Para a pesquisadora Marjorie Nogueira Chaves, do Núcleo Estudos Afro-brasileiros (Neab) da UnB (Universidade de Brasília), é muito perigoso colocar algumas questões, como o racismo, no âmbito do humor, da brincadeira.
— Infelizmente a gente como sociedade tende a colocar algumas questões muito sérias no âmbito do humor, o que eu acho extremamente perigoso. As pessoas falam que existe uma censura, mas isso não é censura não. Eu acho que deveria existir bom senso em relação a determinados temas. Quando a gente fala de racismo a gente fala de uma realidade do Brasil. A gente está falando de 54% da população. Não é um direito de minoria, a gente está falando de uma maioria. Então as revelações do Laerte Rimoli e do William Waack não agridem apenas uma pessoa a que se direcionou o comentário. Atinge a população brasileira. No caso do presidente da EBC é mais grave porque é um gestor público que desconhece a realidade a qual ele faz parte.
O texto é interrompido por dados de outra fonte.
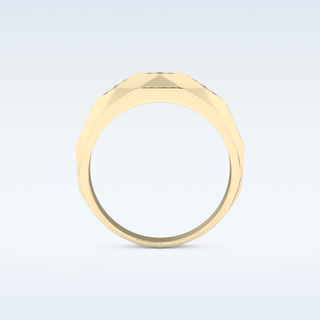 Multi Stones Style Wedding Band with 0.231 CT Round Cut Moissanite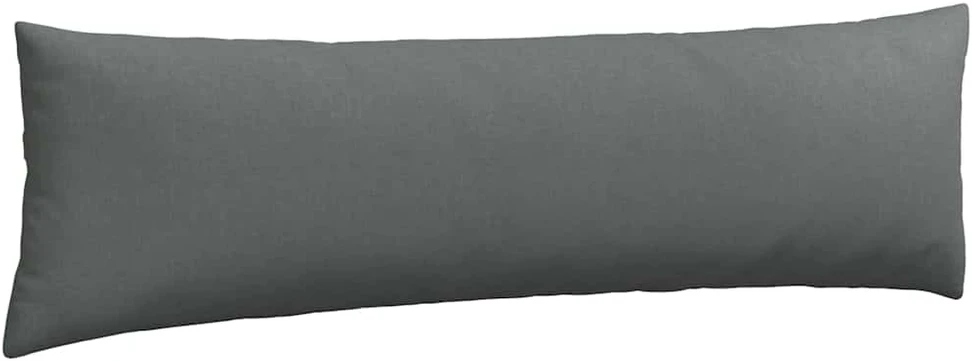 Sofa Pagalvės 2 pcs Tamsiai pilka 145 x 40 cm audinys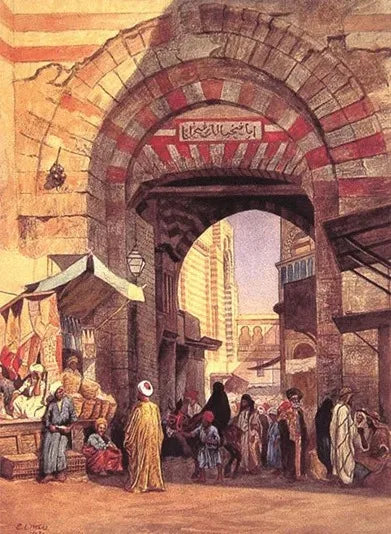 Jean Gerome Classic Artwork Arabic Carpet Merchant Arabs Living Landscape Poster Canvas Painting Wall Art Pictures Home Decor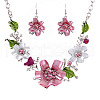 Flower Alloy Rhinestone Jewelry Set FS-WGD5AB0-01-5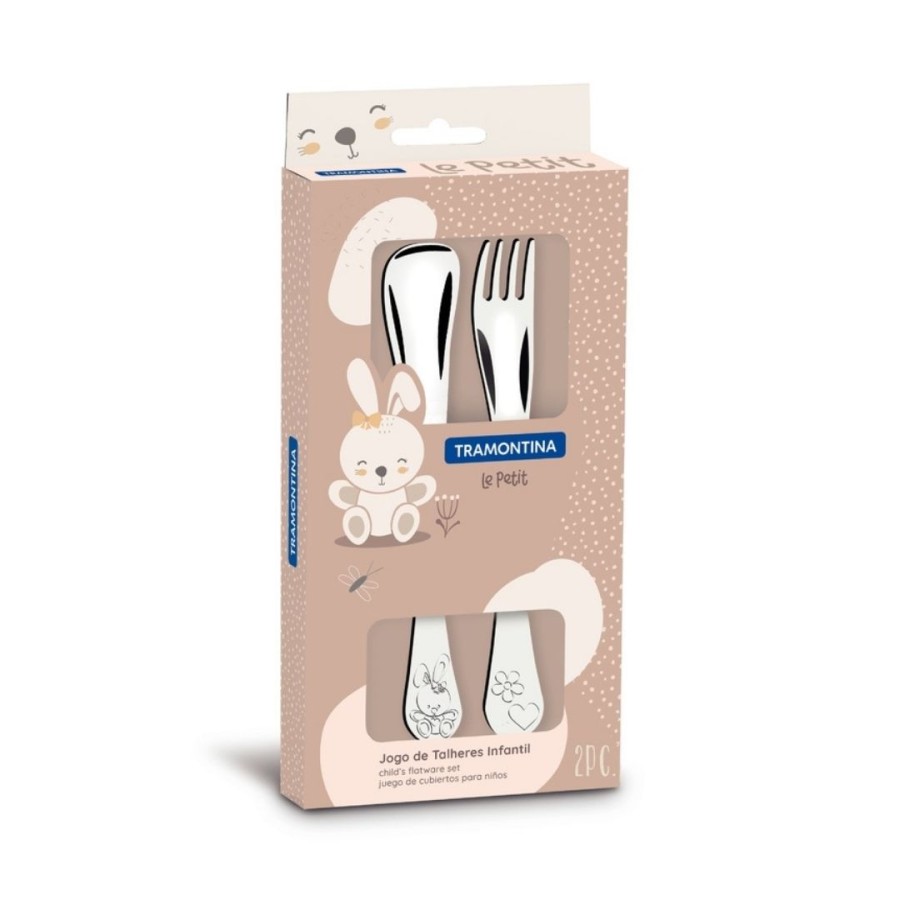 Peralatan Makan anak set Tramontina - 2 Pcs Child Set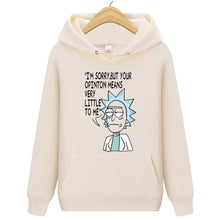 Load image into Gallery viewer, 2019 Autum New Design Rick and morty Mens Hoodies Cotton Funny Print Hoodie Man Fashion Rick morty Casual Hoodie Sweatshirt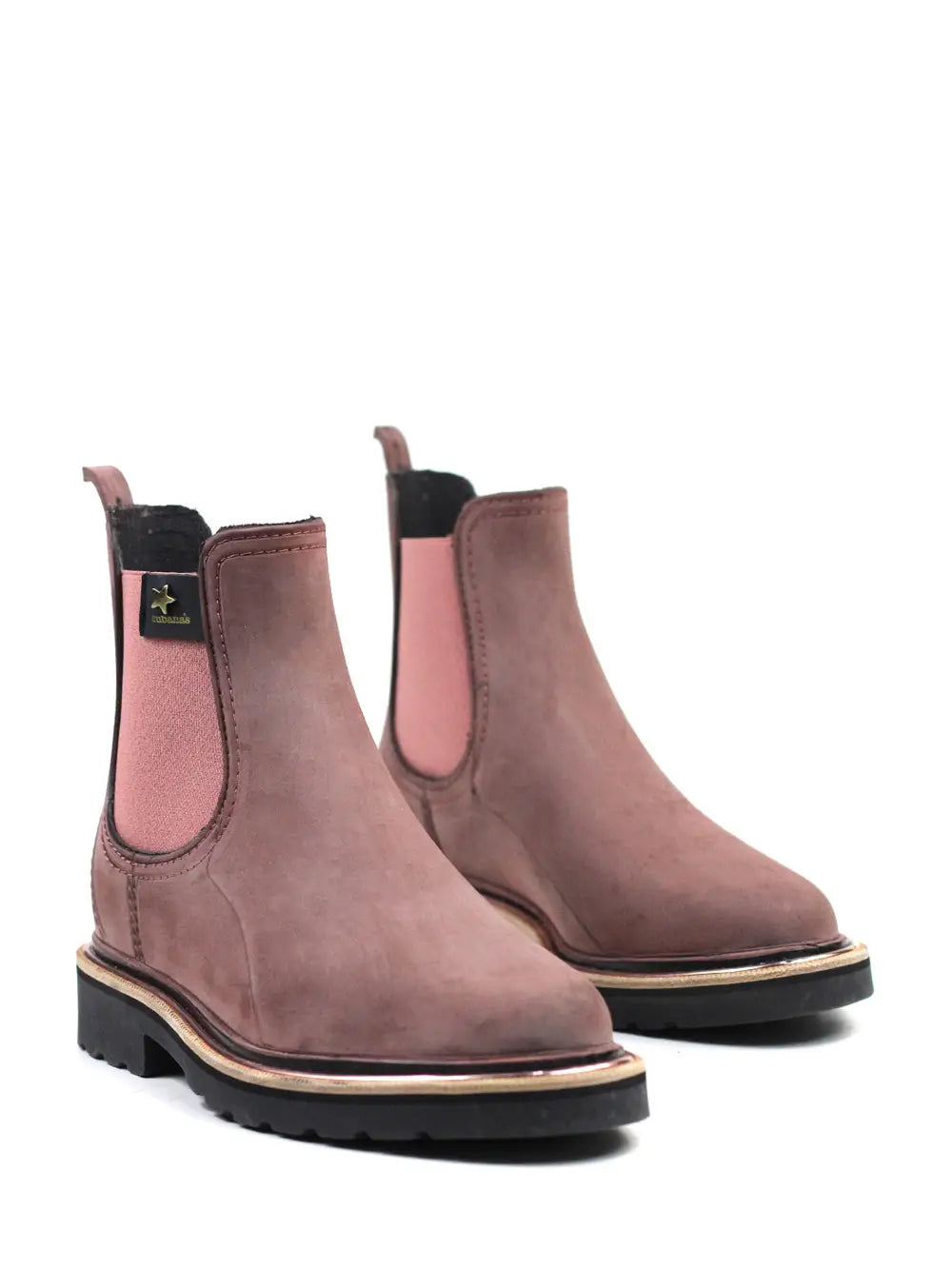 Galocha Rosa com Acabamento Nobuck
E ironiza de forma pública com declarações desagradáveis e ofensivas.
Para Marjorie, no caso de Rimoli o ataque foi ainda mais grave pois se dirigiu a uma mãe que mostrava preocupação com a situação do filho negro.
— Me chamou atenção ele ter ironizado uma mãe que zela pela segurança do seu filho. É compreensível que ela tenha essa preocupação porque o número de homicídios na juventude negra é absurdo e parte desses homicídios são executados por agentes públicos de segurança. O Estado que deveria zelar pela população negra é, também, agente dessa violência.
A pesquisadora conclui dizendo que a polarização em torno do tema sinaliza que o debate sobre racismo na sociedade brasileira ainda não é maduro, é tratado como se fosse ‘gosto’, ou algo a se concordar ou discordar. Para ela, é crime.
— Eu acho que houve mudança nos últimos anos no sentido de falarmos mais sobre o racismo e de uma forma mais aberta, mais ampla. No entanto esse debate não é maduro. Para grande parte das pessoas, o discurso do racismo enfrenta alguns entraves. Os nossos valores, por mais que ainda estejamos na modernidade, os valores ainda não muito coloniais. E da forma como a mídia trata a questão racial, como se pudesse ser debatida como um gosto. Eu gosto ou não. Concordo ou não. Não é assim. Racismo é crime que deixa a população negra em uma situação degradante. Não acho que haja polaridade, estamos falando de algo muito grave, da reprodução do racismo, que é um crime. Está na nossa Constituição desde 1988. Essa polarização não deveria existir, todas as pessoas deveriam estar envolvidas no debate de uma forma mais madura.